Characters are built out of contrasts

When developing characters, authors look for contrasts. The protagonist and antagonist must have opposing goals. And both need to be as ‘real’ as possible. That means your hero must have flaws, and I believe they must also have a dark side.

monochrome picture of ripples on a river

Noir fiction is a great example of heroes with dark sides.

The hero in noir fiction is broken. He is cynical and often a drunkard, and often corrupt. Even so, he’s the only good man in the world of the book. Far from making the hero likeable, the noir writer makes the hero understandable. We know why the hero is so hard. We know he has to dip into the sewer of humanity to do the right thing. A purely good man would never survive the world of the noir.

A more recent example

Lisbeth Salander from The Dragon Tattoo series contains both good and evil within her. She was capable of horrible violence, but only in extreme circumstances. She would investigate her cases to the bitter end to get justice or truth for the client. She is violated horribly by the system set to protect her, but she can still find a way to exist within this brutal world.

In graphic novels

Ironman is complicated. He’s arrogant and snarky and rich and greedy. He’s smart and dedicated to destroying evil.

The Hulk is less complex, but just as complicated. As Bruce Banner, he’s contained and quiet and intellectual. As The Hulk, he’s rage personified, but it’s rage directed. He doesn’t just rampage he fights evil.
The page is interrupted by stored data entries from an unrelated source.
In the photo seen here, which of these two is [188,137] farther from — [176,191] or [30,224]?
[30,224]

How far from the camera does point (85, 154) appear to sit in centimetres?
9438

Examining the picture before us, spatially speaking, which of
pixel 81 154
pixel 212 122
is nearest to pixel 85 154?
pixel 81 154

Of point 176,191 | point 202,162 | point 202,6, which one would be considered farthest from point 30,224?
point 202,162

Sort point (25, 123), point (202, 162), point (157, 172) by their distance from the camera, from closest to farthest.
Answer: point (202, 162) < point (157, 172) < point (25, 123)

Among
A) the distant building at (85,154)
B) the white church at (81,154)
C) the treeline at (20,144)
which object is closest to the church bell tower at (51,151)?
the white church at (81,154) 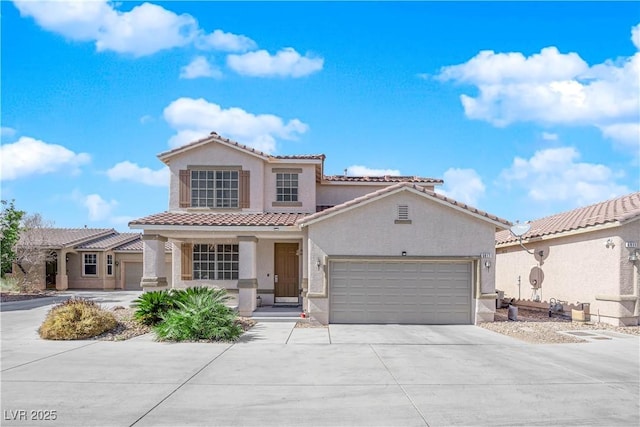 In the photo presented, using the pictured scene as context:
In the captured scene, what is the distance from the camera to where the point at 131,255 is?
34.0 m

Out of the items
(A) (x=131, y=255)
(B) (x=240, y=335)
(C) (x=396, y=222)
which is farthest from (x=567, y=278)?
(A) (x=131, y=255)

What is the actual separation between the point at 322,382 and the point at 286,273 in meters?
12.0

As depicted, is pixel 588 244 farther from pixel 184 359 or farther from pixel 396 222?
pixel 184 359

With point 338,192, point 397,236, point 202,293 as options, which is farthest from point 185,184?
point 397,236

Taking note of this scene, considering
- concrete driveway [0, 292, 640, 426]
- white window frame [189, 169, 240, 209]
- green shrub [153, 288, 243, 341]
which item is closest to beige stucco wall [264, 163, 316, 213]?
white window frame [189, 169, 240, 209]

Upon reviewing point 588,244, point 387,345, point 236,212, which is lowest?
point 387,345

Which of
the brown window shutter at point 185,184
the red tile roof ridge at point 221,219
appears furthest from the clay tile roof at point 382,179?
A: the brown window shutter at point 185,184

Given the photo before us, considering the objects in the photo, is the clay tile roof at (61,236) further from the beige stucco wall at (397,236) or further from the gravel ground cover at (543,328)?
the gravel ground cover at (543,328)

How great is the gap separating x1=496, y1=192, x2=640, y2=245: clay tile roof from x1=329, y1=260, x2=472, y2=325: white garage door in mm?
4882

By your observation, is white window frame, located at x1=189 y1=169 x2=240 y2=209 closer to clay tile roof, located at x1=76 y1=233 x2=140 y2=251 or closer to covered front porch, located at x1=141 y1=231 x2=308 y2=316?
covered front porch, located at x1=141 y1=231 x2=308 y2=316

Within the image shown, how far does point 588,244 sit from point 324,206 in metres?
10.6

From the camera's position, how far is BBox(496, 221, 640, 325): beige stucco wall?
16516 millimetres

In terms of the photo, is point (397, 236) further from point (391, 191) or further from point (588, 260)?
point (588, 260)

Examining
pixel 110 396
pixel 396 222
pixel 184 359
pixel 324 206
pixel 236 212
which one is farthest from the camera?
pixel 324 206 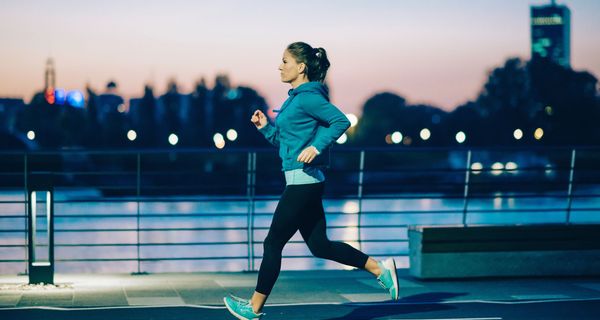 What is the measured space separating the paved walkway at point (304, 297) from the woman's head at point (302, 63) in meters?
2.01

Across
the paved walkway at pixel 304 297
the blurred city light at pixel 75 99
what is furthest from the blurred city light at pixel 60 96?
the paved walkway at pixel 304 297

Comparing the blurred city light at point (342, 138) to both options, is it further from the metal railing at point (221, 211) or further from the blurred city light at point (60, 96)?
the blurred city light at point (60, 96)

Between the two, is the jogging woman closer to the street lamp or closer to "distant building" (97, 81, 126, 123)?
the street lamp

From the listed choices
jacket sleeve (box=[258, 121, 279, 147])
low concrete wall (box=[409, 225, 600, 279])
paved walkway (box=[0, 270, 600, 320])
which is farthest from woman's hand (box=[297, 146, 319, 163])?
low concrete wall (box=[409, 225, 600, 279])

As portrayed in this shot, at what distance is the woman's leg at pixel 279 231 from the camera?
7.18 metres

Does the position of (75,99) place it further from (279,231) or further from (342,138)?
(279,231)

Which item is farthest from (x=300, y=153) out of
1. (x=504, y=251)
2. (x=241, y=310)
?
(x=504, y=251)

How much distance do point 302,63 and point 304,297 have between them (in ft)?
9.43

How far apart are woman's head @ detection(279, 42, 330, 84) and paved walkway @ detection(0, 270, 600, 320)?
2006 mm

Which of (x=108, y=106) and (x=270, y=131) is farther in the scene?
(x=108, y=106)

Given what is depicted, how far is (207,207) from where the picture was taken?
175 feet

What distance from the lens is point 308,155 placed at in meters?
6.96

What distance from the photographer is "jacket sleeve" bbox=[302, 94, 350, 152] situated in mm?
7133

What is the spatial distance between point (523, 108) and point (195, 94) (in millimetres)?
37034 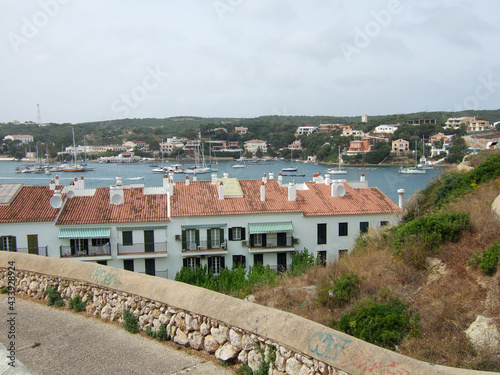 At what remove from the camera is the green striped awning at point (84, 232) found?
2686cm

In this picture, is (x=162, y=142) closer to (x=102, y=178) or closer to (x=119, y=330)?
(x=102, y=178)

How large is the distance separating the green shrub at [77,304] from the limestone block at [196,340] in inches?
96.0

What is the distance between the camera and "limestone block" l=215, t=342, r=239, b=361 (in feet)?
20.1

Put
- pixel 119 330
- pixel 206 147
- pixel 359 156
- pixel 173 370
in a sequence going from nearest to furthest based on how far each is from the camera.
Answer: pixel 173 370, pixel 119 330, pixel 359 156, pixel 206 147

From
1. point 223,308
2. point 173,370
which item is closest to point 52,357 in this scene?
point 173,370

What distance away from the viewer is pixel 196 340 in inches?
256

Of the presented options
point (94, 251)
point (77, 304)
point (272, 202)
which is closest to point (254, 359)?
point (77, 304)

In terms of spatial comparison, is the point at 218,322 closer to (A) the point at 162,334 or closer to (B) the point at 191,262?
(A) the point at 162,334

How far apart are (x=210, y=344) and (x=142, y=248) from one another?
2195 centimetres

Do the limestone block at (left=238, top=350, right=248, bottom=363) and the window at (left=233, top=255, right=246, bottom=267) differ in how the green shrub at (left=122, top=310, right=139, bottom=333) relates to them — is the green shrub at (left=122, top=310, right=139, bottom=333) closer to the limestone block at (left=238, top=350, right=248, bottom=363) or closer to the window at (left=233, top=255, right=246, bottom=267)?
the limestone block at (left=238, top=350, right=248, bottom=363)

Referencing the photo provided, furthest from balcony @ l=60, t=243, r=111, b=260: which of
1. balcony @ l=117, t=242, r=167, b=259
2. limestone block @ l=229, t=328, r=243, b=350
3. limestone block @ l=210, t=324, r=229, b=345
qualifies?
limestone block @ l=229, t=328, r=243, b=350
Thor, however, is only half a person. He may be strong but he’s not bright, he needs Loki to make him a person.

 In my next book….

I’m working on the main character now. A woman who has closed off all her emotions because of a horrific event in her past – no spoilers. What makes her interesting, to me at least, is that she’s talented, she’s intelligent and she’s capable of kindness.

My challenge is to help the reader connect with her at the beginning of the story by making her complex. To show you the possibility of her learning to feel emotions without a promise that all will be well in the end. I’m not sure right now if all will be well in the end, after all.

To do this I look at other characters for tips. I want her to be a little like a noir hero, cynical and damaged, and a little like Lisbeth, determined and focused. And  a lot like herself.

Are there heroes you like who are complex? Who do you find interesting an a book or movie?